1.1 Find ∫ (x³ + 4x² − x)/x² dx. Show all working. 3 marks Band 3-4

1.2 Find ∫ (√x + 1/√x)² dx. Expand first, then integrate term by term. 3 marks Band 4

1.3 A curve has gradient dy/dx = 2x − 4/x² and passes through the point (2, 3). Find the equation of the curve. 4 marks Band 4

Stuck on 1.3? Rewrite 4/x² as 4x⁻² before integrating, then use the point to determine C.

2. Extended response

2.1 A water tank is being filled at rate dV/dt = 6√t litres per minute, starting empty at t = 0.
(a) Find V(t).
(b) Find the volume of water that enters during the first 9 minutes.
(c) Find the time at which the total volume reaches 144 litres.
(d) The owner claims "the rate is increasing, so doubling the volume takes less than double the time". Verify or refute this claim by comparing the time to fill 72 L with the time to fill 144 L, and explain in one sentence the relationship between the rate's behaviour and this comparison. 7 marks Band 5-6

Explicit marking criteria

Part (a) — 1 mark

• 1 mark — V(t) = 4 t^3/2 + C with C = 0 (justified by V(0) = 0).

Part (b) — 1 mark

• 1 mark — V(9) = 4 · 27 = 108 L.

Part (c) — 2 marks

• 1 mark — sets 4 t^3/2 = 144 and isolates t^3/2 = 36.

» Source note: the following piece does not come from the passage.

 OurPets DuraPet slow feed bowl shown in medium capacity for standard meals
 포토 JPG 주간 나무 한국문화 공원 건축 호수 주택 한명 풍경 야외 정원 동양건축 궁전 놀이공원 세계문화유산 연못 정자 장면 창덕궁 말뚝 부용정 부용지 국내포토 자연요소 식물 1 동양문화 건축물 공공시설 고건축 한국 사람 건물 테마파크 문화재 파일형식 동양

• 1 mark — solves t = 36^2/3 ≈ 10.9 minutes (accept exact form or 1-d.p. decimal).

Part (d) — 3 marks

• 1 mark — computes time to 72 L: t₇₂ = 18^2/3 ≈ 6.87 minutes.

• 1 mark — quantitative comparison: 2 × 6.87 ≈ 13.74 > 10.9, so the time to fill 144 L is less than twice the time to fill 72 L; the claim is supported.

• 1 mark — explains: because dV/dt = 6√t is increasing in t, each subsequent litre arrives faster, so doubling the volume takes less than double the time.

Your response:

Stuck on (d)? Compute t₇₂ and t₁₄₄ separately, then test "is t₁₄₄ < 2 · t₇₂?".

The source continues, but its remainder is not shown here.